Old friends. Old feelings. Old me...(part 2)

(continued...)


Rick: Hanging with me and his sister at my graduation party (2002) and hanging with Brandon and Amy last month (2011).


Tim: Fist pumping (2001) and chilling with Amy, Brandon Katie, Jon and I (2010).


Amy: Sharing secrets with Kristin (2005) and smiling for my birthday (2010).


Brandon: Doing our best catatonic faces (2001) and our super awkward lean smiles (2009).



Alex: At his wedding with Rick (2008) and chilling last month (2011).

Over the last twelve years we've grown together, fell in love with one another, lied to each other, cheered each other on, harbored long time crushes, laugh till we cried, hurt one another, broken up with each other, picked each other back up, said goodbye, said hello again, moved in with each other, written letters, seen each other in different time zones, supported each other, slept with and comforted one another, watch each other exchange vows and have babies. And most recently though not unexpected, drifted apart in a way where we hardly recognized one another.

Then of course there are those rare moments (when we are in the same room) where we catch eyes across the room and smile politely and briefly wonder what would've happened if we'd chosen each other instead. Then again that's probably just me.

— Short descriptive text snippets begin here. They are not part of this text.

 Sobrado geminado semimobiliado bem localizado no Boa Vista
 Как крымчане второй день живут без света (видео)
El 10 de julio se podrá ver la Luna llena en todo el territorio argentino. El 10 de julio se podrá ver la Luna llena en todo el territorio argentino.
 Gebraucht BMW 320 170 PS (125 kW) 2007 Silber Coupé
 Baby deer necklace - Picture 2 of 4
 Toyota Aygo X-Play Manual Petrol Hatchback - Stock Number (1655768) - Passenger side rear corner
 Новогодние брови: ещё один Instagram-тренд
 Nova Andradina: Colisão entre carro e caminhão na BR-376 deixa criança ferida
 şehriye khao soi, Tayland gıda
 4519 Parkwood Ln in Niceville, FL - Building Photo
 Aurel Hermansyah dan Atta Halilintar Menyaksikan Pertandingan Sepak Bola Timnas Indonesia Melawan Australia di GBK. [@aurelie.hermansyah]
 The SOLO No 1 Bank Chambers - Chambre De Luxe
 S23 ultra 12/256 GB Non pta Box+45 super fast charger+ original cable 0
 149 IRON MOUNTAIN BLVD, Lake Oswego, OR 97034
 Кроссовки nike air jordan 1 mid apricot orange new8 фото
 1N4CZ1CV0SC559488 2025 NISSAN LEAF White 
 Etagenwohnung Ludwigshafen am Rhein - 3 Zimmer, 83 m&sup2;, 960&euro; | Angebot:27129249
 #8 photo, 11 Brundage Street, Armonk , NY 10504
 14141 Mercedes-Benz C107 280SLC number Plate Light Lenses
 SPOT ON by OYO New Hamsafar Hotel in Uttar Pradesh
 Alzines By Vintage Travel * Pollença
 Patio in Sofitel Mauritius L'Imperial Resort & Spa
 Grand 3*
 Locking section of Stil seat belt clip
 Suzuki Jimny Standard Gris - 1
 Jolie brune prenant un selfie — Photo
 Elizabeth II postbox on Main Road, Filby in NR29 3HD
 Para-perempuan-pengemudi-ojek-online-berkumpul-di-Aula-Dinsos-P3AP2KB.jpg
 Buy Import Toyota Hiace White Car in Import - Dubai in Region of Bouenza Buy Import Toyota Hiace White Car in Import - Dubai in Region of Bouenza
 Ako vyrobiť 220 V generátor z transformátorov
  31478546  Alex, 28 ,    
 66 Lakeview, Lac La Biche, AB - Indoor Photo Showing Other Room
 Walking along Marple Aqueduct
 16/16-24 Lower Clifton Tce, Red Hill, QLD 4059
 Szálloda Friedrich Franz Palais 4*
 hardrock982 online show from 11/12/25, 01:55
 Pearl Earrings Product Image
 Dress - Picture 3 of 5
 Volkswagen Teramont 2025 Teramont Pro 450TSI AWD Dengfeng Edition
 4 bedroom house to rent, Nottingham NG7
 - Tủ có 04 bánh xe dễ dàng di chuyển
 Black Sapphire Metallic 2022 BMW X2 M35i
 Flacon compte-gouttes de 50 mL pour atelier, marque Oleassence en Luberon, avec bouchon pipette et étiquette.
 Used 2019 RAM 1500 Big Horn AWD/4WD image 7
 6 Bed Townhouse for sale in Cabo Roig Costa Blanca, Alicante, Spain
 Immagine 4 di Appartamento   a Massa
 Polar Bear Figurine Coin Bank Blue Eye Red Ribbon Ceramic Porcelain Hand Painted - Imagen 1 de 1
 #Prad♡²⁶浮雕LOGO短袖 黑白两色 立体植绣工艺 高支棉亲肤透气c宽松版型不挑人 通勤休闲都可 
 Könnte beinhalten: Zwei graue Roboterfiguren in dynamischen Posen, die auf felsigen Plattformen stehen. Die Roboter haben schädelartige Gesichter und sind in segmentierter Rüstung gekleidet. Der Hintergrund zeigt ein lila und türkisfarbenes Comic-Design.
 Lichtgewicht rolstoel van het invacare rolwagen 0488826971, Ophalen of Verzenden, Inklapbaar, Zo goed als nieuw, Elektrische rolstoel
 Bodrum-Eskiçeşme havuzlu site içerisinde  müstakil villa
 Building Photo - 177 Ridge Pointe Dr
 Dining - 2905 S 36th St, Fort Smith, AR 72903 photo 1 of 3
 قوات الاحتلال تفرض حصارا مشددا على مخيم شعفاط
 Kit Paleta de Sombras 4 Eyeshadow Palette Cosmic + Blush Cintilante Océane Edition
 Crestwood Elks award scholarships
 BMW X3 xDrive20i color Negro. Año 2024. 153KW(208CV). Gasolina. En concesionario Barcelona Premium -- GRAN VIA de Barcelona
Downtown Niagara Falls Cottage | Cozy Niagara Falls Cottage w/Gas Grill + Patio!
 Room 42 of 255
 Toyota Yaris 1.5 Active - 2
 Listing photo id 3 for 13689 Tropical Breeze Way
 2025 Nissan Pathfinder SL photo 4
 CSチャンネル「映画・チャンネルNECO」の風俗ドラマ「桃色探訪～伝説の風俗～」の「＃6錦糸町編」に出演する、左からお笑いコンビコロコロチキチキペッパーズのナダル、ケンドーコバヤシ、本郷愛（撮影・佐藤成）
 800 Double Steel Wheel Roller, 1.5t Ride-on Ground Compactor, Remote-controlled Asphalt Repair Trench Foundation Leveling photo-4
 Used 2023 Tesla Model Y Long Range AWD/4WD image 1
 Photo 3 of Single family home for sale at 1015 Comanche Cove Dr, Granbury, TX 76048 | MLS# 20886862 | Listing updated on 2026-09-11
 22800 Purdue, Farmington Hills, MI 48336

My dad's friend of 30 plus years has been living in their basement for the last year and recently I found him down there among stacks and stack of photographs trying to scan them all onto a hard-drive. He guestimated about 250 photo albums and 500,000 photographs easy. Honest I'm not exaggerating. Anyway, first I found myself suddenly thankful for the digital age and then I started asking him why he wasn't throwing more away. (A few years before I found my mom had doing this same thing, only she had trashed hundreds of photos from weddings where the couples had been divorced for over 20 years.) Surely Stacey could part with random photos of motorcycles or car parts. He said he didn't want to. He said that every photograph was a piece of his memory and that was the one thing he didn't want to lose.